Data for analysis:

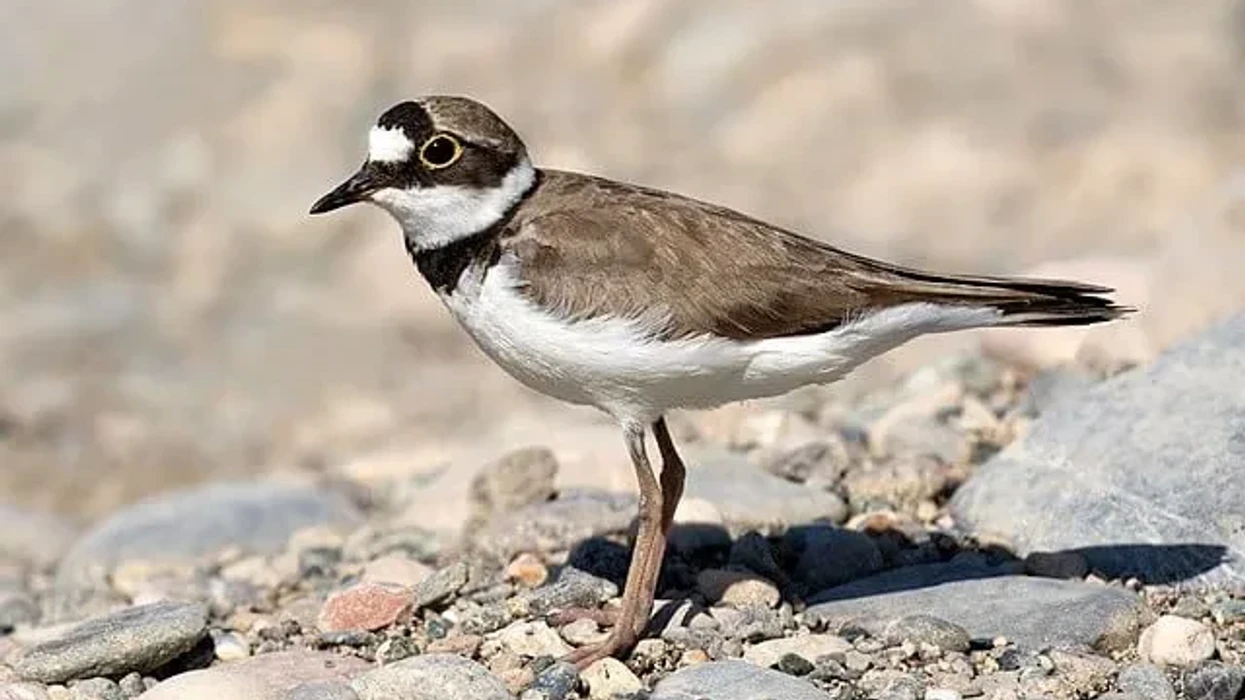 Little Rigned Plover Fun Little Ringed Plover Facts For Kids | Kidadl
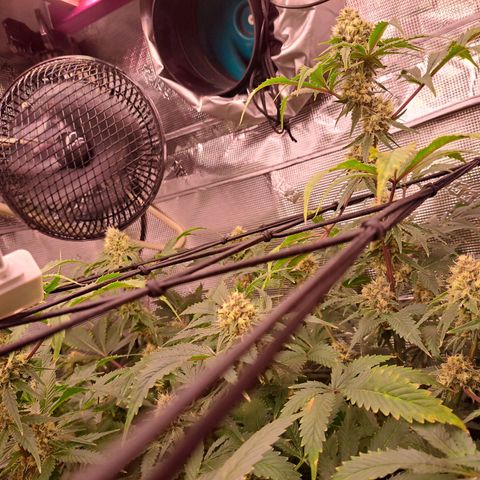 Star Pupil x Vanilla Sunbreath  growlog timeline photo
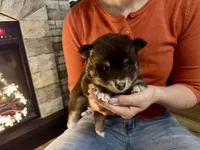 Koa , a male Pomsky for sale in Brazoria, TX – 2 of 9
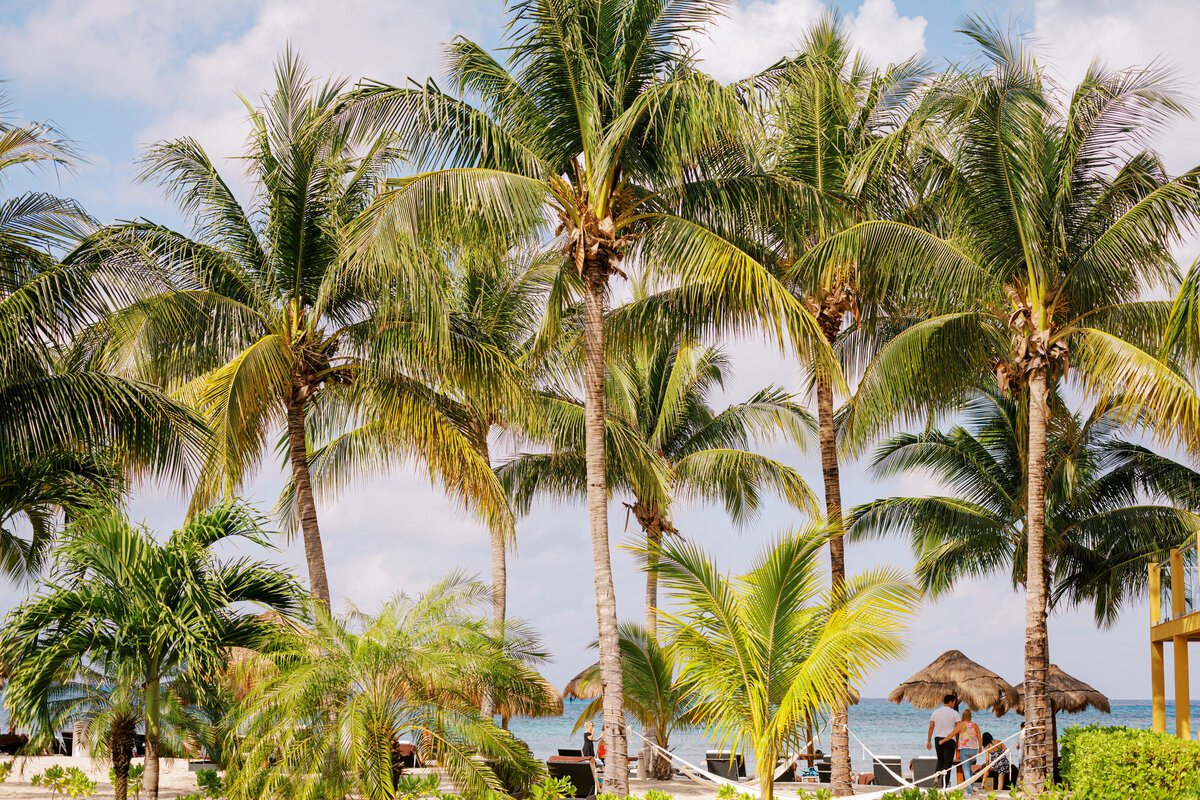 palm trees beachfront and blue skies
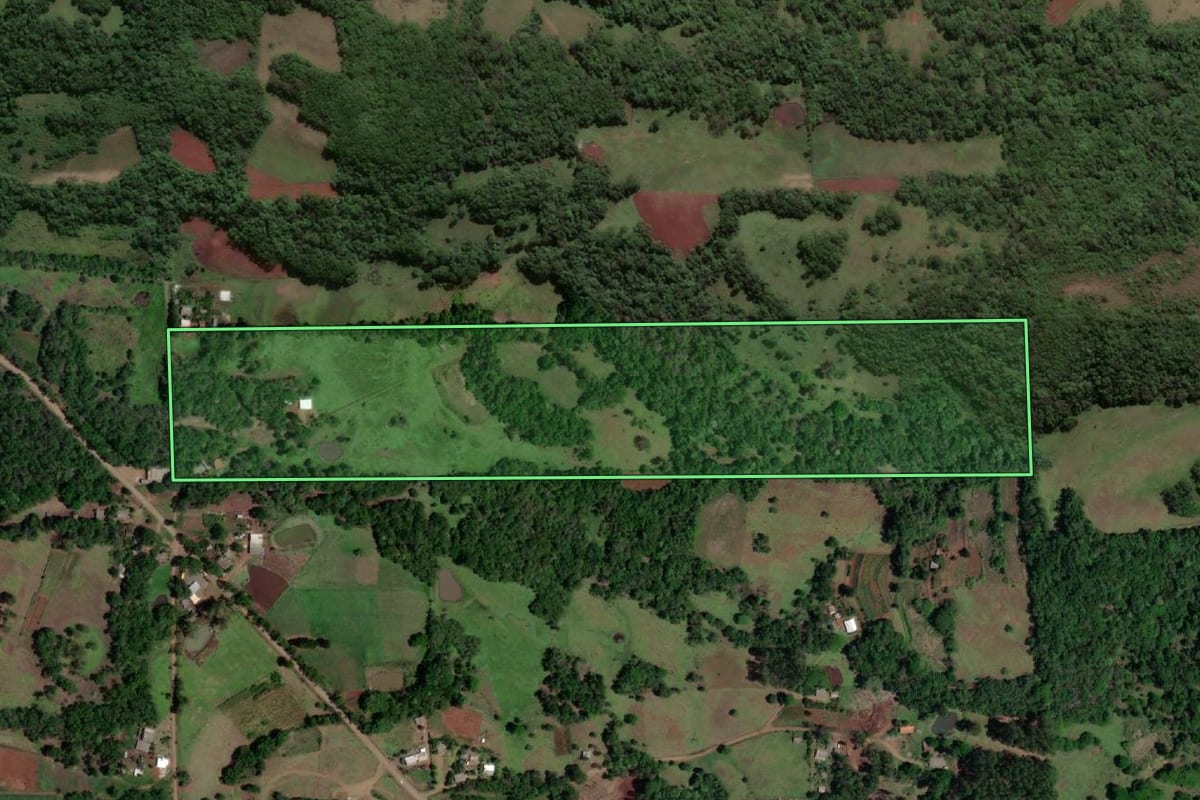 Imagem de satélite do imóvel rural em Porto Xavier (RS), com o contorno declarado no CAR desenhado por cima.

Instructions to follow: Return all records verbatim and drop the pictures.

Answer area:
 Little Rigned Plover Fun Little Ringed Plover Facts For Kids | Kidadl
 Star Pupil x Vanilla Sunbreath  growlog timeline photo
 Koa , a male Pomsky for sale in Brazoria, TX – 2 of 9
 palm trees beachfront and blue skies
 Imagem de satélite do imóvel rural em Porto Xavier (RS), com o contorno declarado no CAR desenhado por cima.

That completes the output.